Our fabulous food blogger Janey Green shares her limey salad recipe, perfect for summer!

Larb is a Thai dish consisting of tasty crisp fried beef which is often served in small lettuce 'cups'. I've made it so many times over the years but thought I'd share my own version which is simply scattered onto fresh salad leaves.

It's very quick and easy to make and so delicious, beautiful and vibrant. 

I've made mine with beef but you can substitute for chicken, turkey, pork (extra lean) or Quorn mince.

 

This recipe works out to approx.300kcal/6 WeightWatchers propoints per portion

YOU WILL NEED : (Per Portion)

For the Larb:

125g Extra lean beef mince

or 150g Quorn mince.

1 teaspoon olive oil

2 teaspoons low salt soy sauce

1/2 teaspoon Chinese 5 spice

1 red onion

1 clove garlic

1/4 fresh chilli (optional)

Juice of 1/2 a lime

For the salad:

Mixed salad leaves

2 Spring onions

1/2 carrot cut into julienne strips

Fresh coriander

1 red onion

Juice of 1/2 a lime

Garlic pepper

Dried garlic flakes

Heat the olive oil in a pan and add the beef/Quorn.
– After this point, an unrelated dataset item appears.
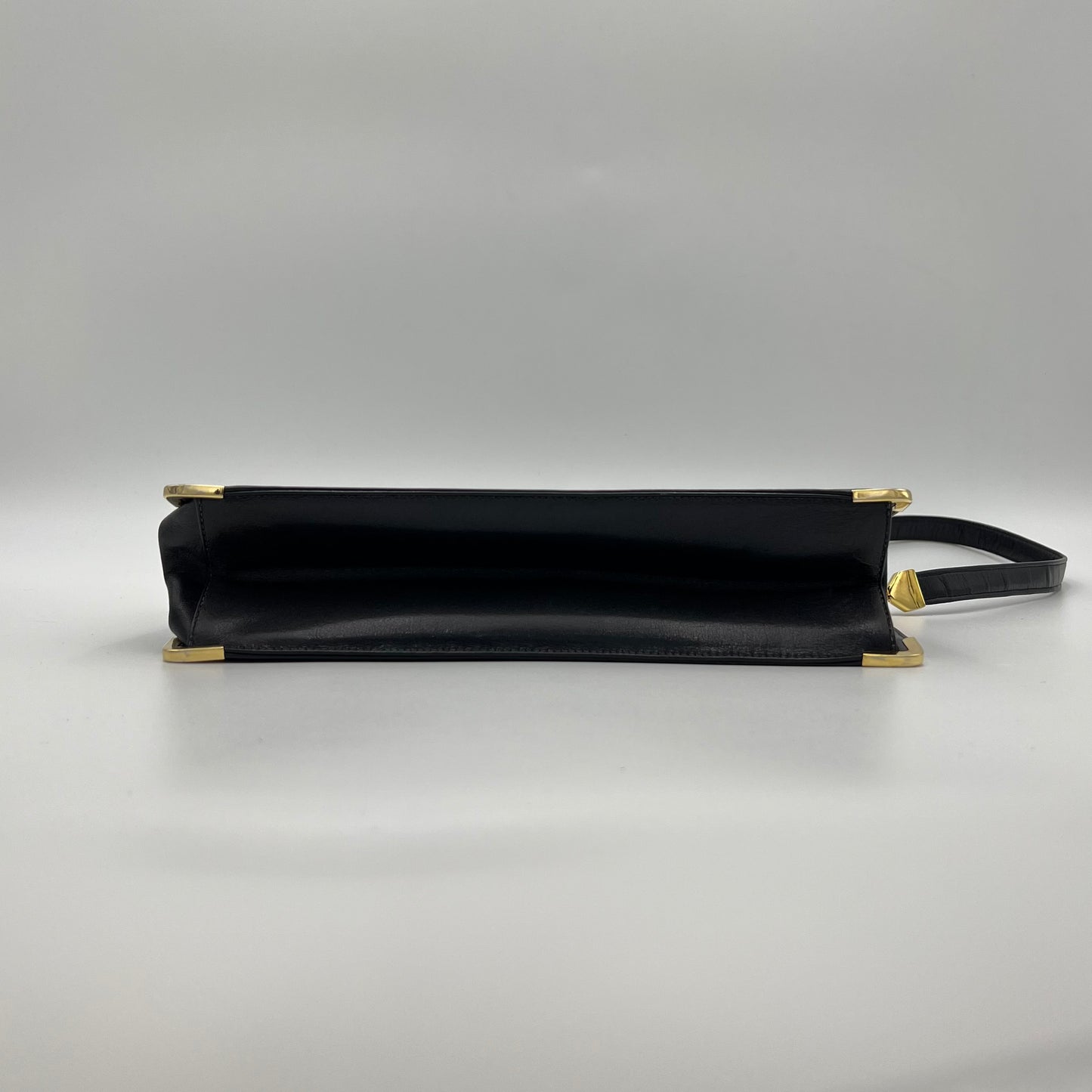 Christian Dior Black Leather Logo Box Shoulder Bag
Fry on a high heat and separate the strands of meat. Add chopped onion, garlic, chilli, soy sauce and seasoning. Stir and fry for 10-15 minutes until really brown and crispy. Pop the cooked beef into a mixing bowl. Add the juice of half a lime. Stir well and allow to cool slightly.

Arrange a generous amount of salad leaves onto your serving plate. Top with the warm, limey larb. Add fresh coriander leaves, chopped Spring onions and julienned carrot strips.

Finally, scatter with thinly sliced red onion and more lime juice. Season with garlic pepper and dried garlic flakes for a spectacular finish.

TIP

Try using your favourite seasonings, spices and salad ingredients. Ring the changes each time you make this dish depending what you have in the fridge. You could even add some finely diced mango to sweeten and freshen it up. Fresh mint would work really well too, especially in the Summer.